→ **What is needed**:
Please repeat the listing exactly, starting at its first line and stopping after the line that contains "Image 1 of Tubular".

········

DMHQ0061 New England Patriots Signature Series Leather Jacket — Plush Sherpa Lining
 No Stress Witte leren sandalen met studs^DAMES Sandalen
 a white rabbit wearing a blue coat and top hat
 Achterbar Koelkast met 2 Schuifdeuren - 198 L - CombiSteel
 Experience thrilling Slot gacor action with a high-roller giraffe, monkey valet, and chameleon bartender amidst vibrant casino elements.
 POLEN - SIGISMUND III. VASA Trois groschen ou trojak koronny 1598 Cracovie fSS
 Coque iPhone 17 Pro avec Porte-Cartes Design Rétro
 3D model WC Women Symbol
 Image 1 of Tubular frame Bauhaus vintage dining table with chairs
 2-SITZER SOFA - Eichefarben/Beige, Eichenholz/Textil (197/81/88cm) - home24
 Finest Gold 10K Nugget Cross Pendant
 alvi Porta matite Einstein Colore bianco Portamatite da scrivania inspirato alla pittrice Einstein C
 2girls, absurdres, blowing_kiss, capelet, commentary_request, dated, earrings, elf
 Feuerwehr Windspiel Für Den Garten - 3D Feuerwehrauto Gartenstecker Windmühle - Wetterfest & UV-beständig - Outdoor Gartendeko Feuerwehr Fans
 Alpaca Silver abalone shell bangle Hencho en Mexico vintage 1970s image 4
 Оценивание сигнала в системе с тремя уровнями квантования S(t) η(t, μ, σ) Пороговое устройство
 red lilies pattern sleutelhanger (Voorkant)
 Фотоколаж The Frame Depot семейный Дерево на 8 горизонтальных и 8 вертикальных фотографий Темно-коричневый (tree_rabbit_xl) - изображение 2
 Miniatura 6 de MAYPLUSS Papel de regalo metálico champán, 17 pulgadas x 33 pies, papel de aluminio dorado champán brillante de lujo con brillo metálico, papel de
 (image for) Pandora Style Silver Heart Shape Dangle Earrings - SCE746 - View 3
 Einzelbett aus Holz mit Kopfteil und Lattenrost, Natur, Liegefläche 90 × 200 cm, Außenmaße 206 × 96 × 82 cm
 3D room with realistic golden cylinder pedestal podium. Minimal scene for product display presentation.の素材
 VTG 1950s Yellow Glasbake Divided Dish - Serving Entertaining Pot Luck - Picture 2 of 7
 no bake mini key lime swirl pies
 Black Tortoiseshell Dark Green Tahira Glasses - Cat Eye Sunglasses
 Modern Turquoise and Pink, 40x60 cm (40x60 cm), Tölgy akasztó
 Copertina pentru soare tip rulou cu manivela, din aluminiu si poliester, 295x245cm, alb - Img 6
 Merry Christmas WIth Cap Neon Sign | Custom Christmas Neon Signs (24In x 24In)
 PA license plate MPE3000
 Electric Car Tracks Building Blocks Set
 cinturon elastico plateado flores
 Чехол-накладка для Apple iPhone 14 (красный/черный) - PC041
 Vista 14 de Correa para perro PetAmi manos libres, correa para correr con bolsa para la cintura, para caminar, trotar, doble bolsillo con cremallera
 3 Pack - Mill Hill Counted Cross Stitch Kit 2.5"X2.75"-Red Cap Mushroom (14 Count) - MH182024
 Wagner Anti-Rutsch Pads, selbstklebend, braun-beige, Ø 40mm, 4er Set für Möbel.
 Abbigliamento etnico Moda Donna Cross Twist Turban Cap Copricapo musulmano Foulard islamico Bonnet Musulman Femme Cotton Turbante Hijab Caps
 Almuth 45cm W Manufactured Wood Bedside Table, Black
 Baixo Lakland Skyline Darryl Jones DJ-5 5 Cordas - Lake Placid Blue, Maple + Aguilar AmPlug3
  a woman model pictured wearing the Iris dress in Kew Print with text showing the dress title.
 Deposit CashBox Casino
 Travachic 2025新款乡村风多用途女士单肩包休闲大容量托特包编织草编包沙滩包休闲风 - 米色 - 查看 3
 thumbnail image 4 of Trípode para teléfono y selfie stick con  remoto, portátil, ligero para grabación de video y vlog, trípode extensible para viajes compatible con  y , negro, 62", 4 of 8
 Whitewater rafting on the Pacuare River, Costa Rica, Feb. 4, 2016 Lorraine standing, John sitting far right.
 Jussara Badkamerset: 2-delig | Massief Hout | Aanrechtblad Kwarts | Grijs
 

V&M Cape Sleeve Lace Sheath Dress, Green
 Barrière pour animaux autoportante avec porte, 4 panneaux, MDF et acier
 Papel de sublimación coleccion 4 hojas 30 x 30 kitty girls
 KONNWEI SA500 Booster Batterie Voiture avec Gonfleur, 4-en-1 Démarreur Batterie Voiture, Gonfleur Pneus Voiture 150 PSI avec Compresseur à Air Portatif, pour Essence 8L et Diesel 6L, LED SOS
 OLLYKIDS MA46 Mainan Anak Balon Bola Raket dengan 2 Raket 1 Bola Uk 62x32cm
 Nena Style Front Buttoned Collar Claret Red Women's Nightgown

········

→ **Exercise response**:
DMHQ0061 New England Patriots Signature Series Leather Jacket — Plush Sherpa Lining
 No Stress Witte leren sandalen met studs^DAMES Sandalen
 a white rabbit wearing a blue coat and top hat
 Achterbar Koelkast met 2 Schuifdeuren - 198 L - CombiSteel
 Experience thrilling Slot gacor action with a high-roller giraffe, monkey valet, and chameleon bartender amidst vibrant casino elements.
 POLEN - SIGISMUND III. VASA Trois groschen ou trojak koronny 1598 Cracovie fSS
 Coque iPhone 17 Pro avec Porte-Cartes Design Rétro
 3D model WC Women Symbol
 Image 1 of Tubular frame Bauhaus vintage dining table with chairs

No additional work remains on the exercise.